Un feu de forêt a ravagé une partie du hameau d’Almocaizar, dans la province d’Almeria, en Espagne, le 12 juillet 2026. JOSÉ JORDAN/AFP
« On a vraiment de la chance d’aller bien. » Les personnes évacuées de la zone ravagée par le feu de forêt meurtrier survenu jeudi 9 juillet près d’Almeria, en Andalousie, dans le sud de l’Espagne, ont regagné leur maison, dimanche, encore sous le choc devant la violence du sinistre, désormais stabilisé.
Sept étrangers – quatre Britanniques, une Française, un Belge et un Espagnol – figurent parmi les premières victimes identifiées de l’incendie, qui a coûté la vie à au moins 13 personnes, ont annoncé lundi 13 juillet les autorités. Ce bilan s’ajoute au décès d’une ressortissante britannique de 93 ans qui avait succombé dimanche à ses blessures à l’hôpital, portant à quatre le nombre de Britanniques tués à ce stade dans l’incendie.
Plus tôt lundi, l’entité publique en charge de l’identification des corps (CID) avait déclaré lundi avoir reçu « 10 signalements » de la part de familles à la recherche de proches. Ce chiffre pourrait augmenter, avait-il averti.

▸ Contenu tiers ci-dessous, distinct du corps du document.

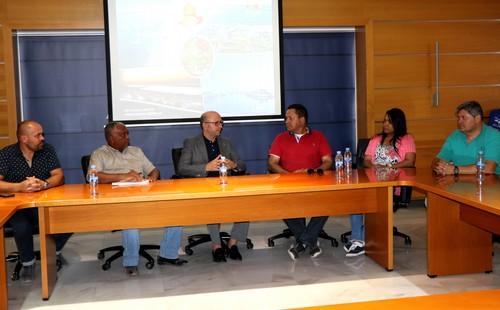 Una misión comercial de República Dominicana visita estos días El Ejido para conocer las características del modelo agrícola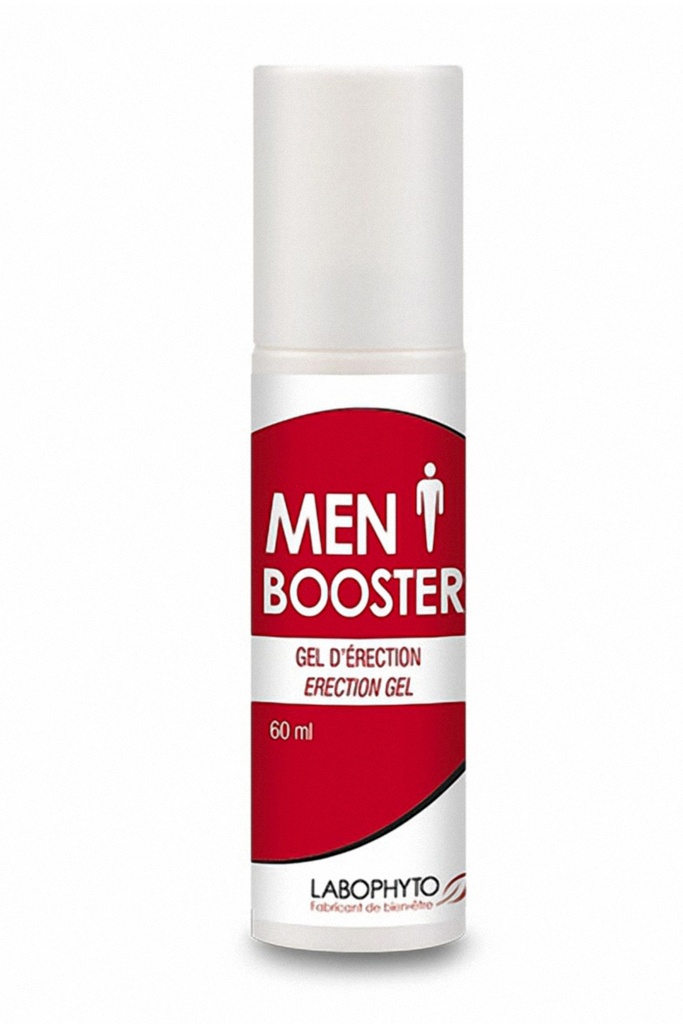 [1878] Booster Erectile Gel pour Hommes - Men Booster - Labophyto 60ml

En déplacement lundi sur les lieux de l’incendie, le premier ministre, Pedro Sánchez, a exhorté la population à être plus consciente et à agir en amont des feux de forêt : « Nous ne devons pas seulement réagir lorsque ces incendies se produisent, mais nous devons aussi prévenir. » L’an passé, « un tiers de la superficie totale brûlée en Europe » l’a été en Espagne, a-t-il rappelé d’un ton grave. « Chacun d’entre nous, à titre individuel, doit prendre conscience que le climat est en train de changer, que les effets de l’urgence climatique s’aggravent », a-t-il poursuivi, alertant sur « un été compliqué » à venir.